| Package Name | Ecosystem | Vulnerable Versions | First Patched Version |
|---|---|---|---|
| org.apache.cassandra:cassandra-all | maven | = 4.0.16 | 4.0.17 |
The vulnerability allows a user with MODIFY permission on ALL KEYSPACES to escalate their privileges to a superuser. This is because Apache Cassandra version 4.0.16 incorrectly applied permissions granted on ALL KEYSPACES to system keyspaces, which contain sensitive data and configuration.
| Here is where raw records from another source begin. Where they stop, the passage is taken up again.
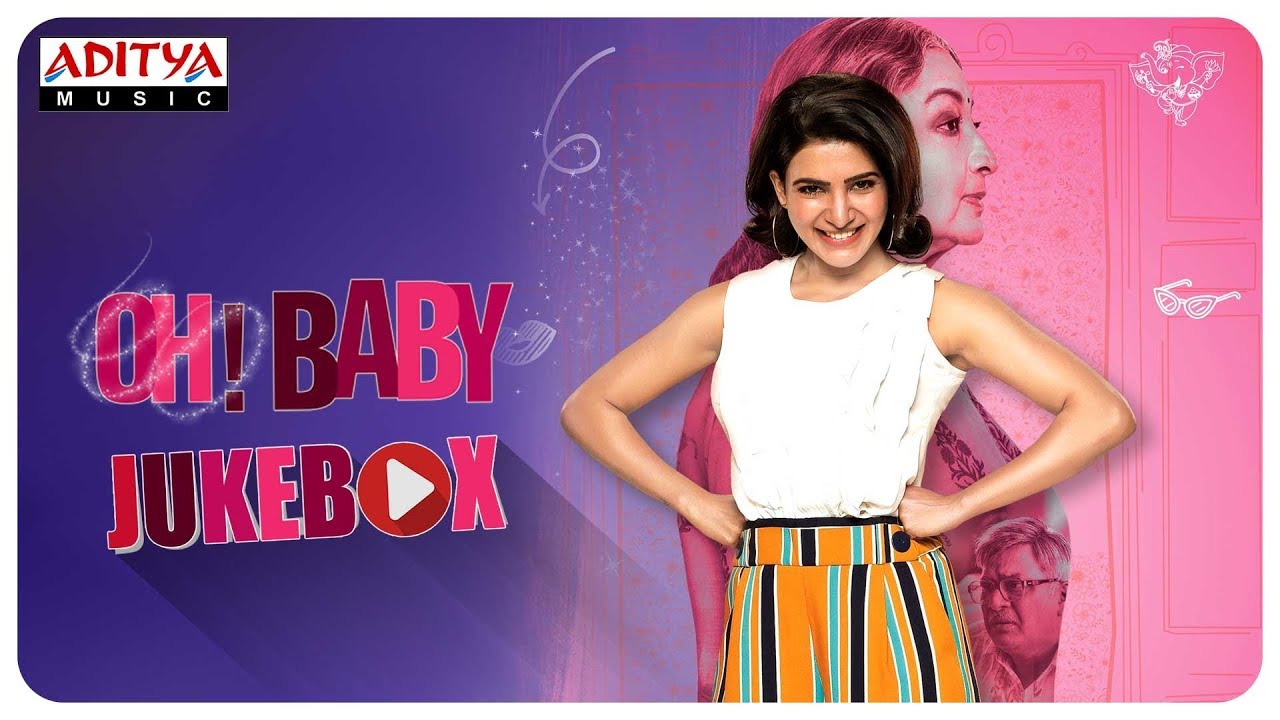 Oh Baby Telugu movie full songs jukebox Samantha Akkineni Naga Shaurya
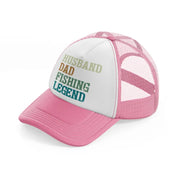 husband dad fishing legend-pink-and-white-trucker-hat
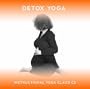 Detox Yoga - Instructional Yoga Class CD and guide Book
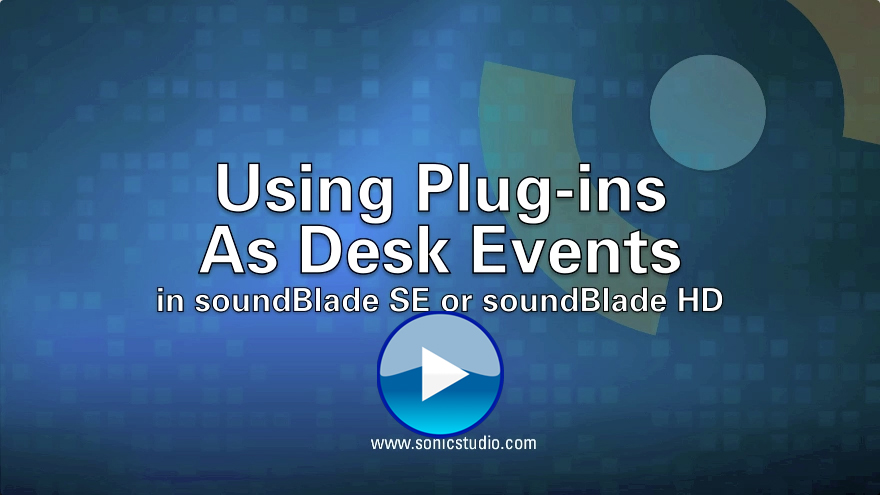 Using Plug-ins as Desk Events in soundBlade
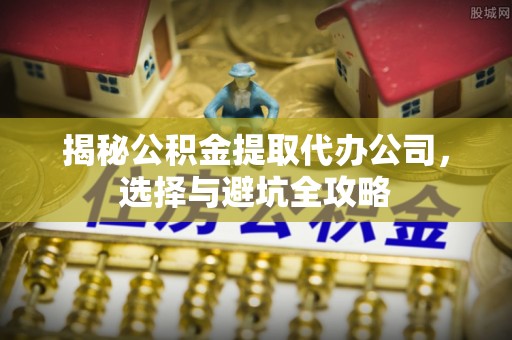 旌德揭秘公积金提取代办公司，选择与避坑全攻略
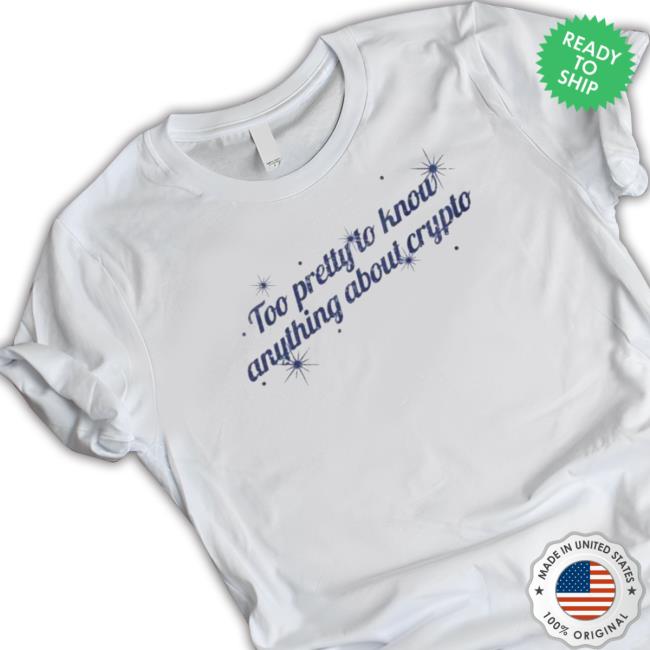 Too Pretty To Know Anything About Crypto T-Shirt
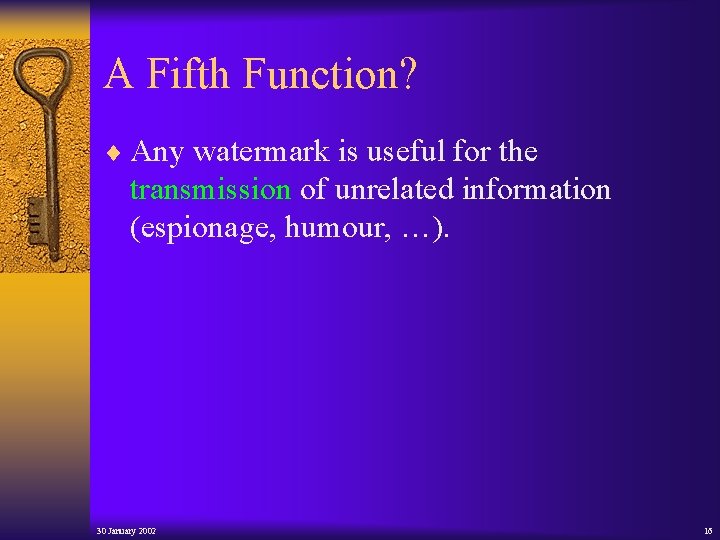 A Fifth Function? ¨ Any watermark is useful for the transmission of unrelated information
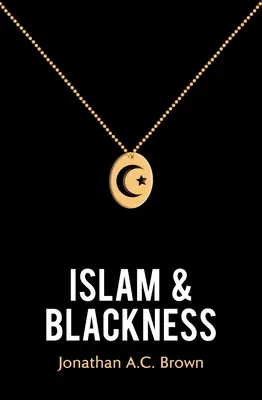 Islam et noirceur - Islam and Blackness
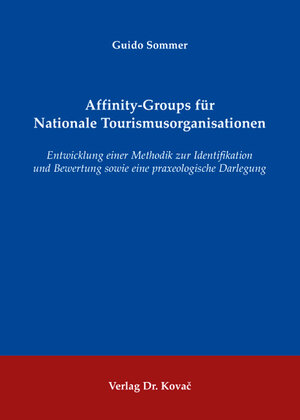 Buchcover Affinity-Groups für Nationale Tourismusorganisationen | Guido Sommer | EAN 9783830034025 | ISBN 3-8300-3402-4 | ISBN 978-3-8300-3402-5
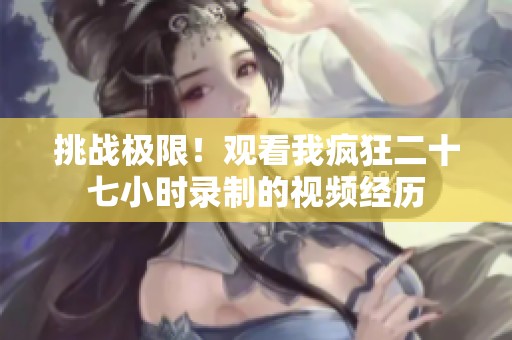 挑战极限！观看我疯狂二十七小时录制的视频经历
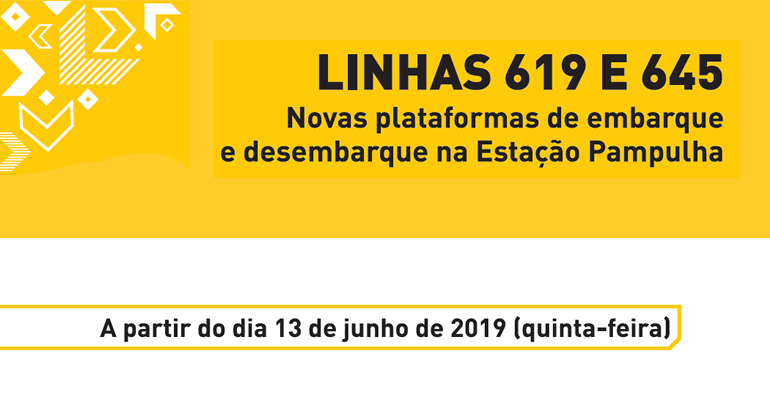 Novas plataformas de embarque e desembarque estarão disponíveis para as linhas 619 e 645 a partir do dia 13/6. Arte: PBH Linhas 619 e 645: novas plataformas de embarque e desembarque na Estação Pampulha. A partir do dia 13 de junho de 2019 (quinta-feira).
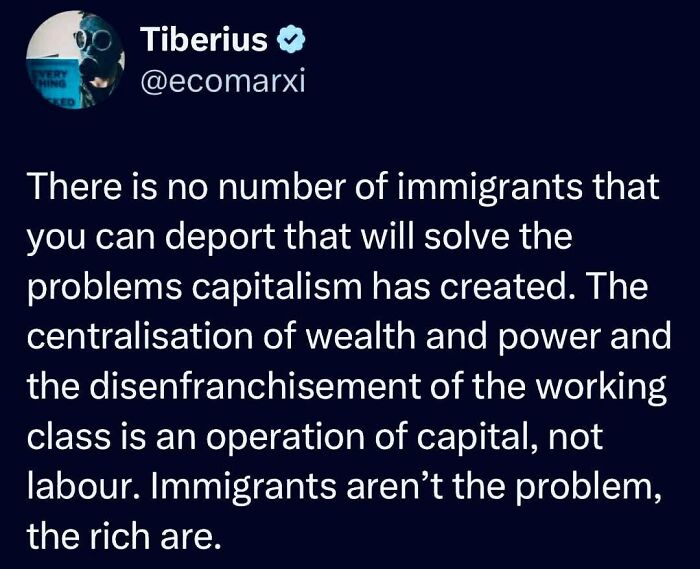 Tweet states immigrants aren't the problem, capitalism's wealth centralization is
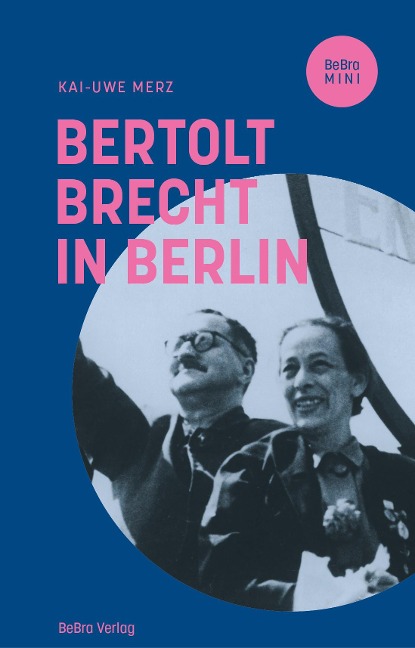 Bertolt Brecht in Berlin - Kai-Uwe Merz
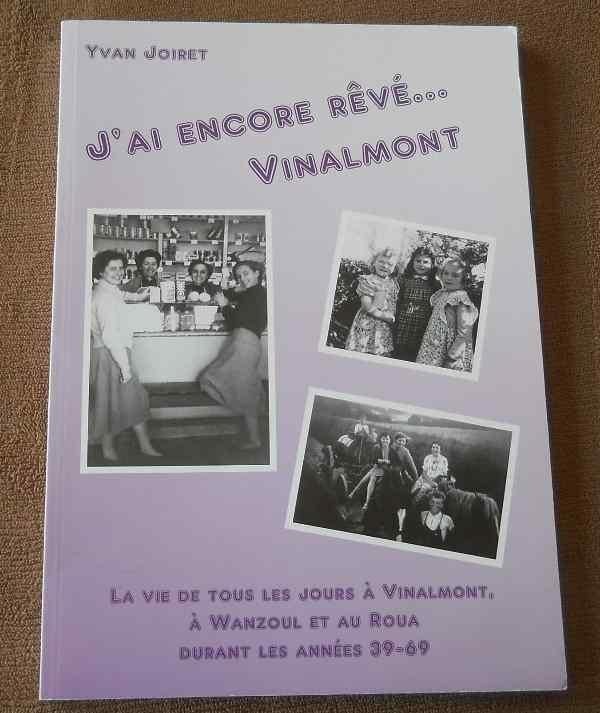 J'ai encore rêvé ... Vinalmont (Yvan Joiret) - Wanze, Ophalen of Verzenden, 20e eeuw of later, Gelezen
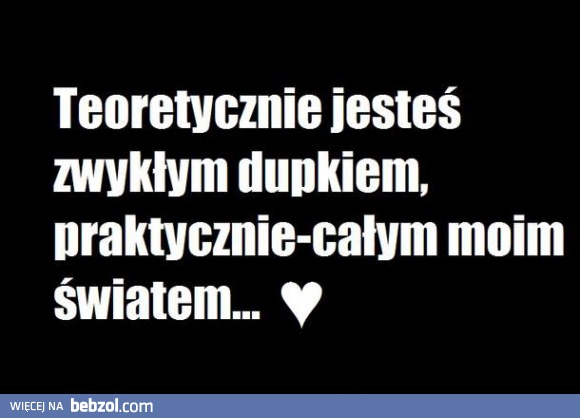 Teoretycznie i praktycznie
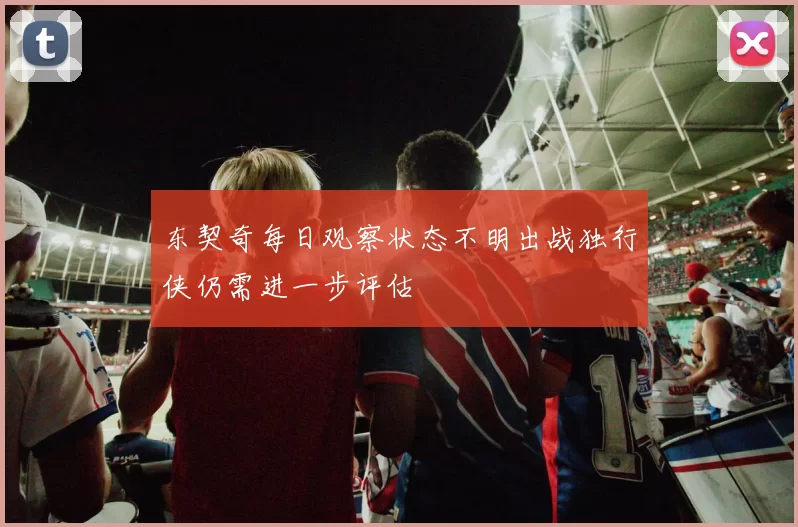 东契奇每日观察状态不明出战独行侠仍需进一步评估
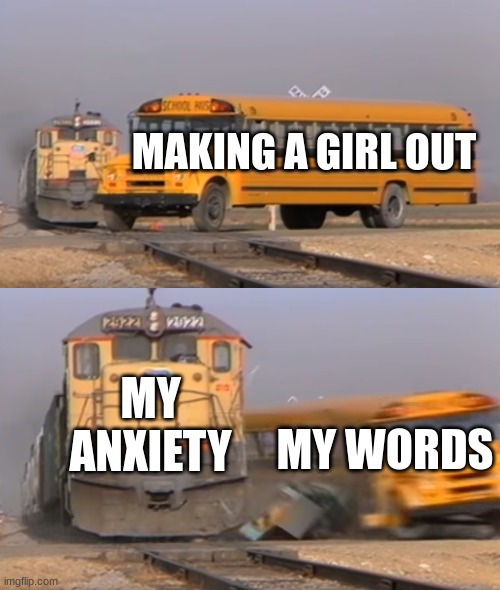 trian ride | MAKING A GIRL OUT; MY ANXIETY; MY WORDS | image tagged in a train hitting a school bus | made w/ Imgflip meme maker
The analysis of the patch between version 4.0.16 and the fixed version 4.0.17 reveals two key changes that address this issue:
ClientState.ensurePermission Modification: The core of the vulnerability lies in this function, which is central to all authorization checks. The patch introduces logic to specifically check if a resource belongs to a system keyspace. If it does, it ignores any permissions granted on ALL KEYSPACES and requires an explicit permission grant on the system keyspace itself. This is the primary fix that prevents the privilege escalation.
GrantPermissionsStatement Validation: As a defense-in-depth measure, the patch also introduces validation to the GRANT statement execution path. A new validate method prevents the granting of a denylist of powerful permissions (e.g., CREATE, DROP, MODIFY) directly on system keyspaces. This hardens the system against misconfiguration.
Therefore, during exploitation, two functions would be involved. First, GrantPermissionsStatement.execute would be used (by an admin) to set up the vulnerable state (GRANT MODIFY ON ALL KEYSPACES). Second, and more critically, ClientState.ensurePermission would be on the runtime stack when the non-privileged user performs a malicious action on a system table, as this function would incorrectly authorize the action in the vulnerable version.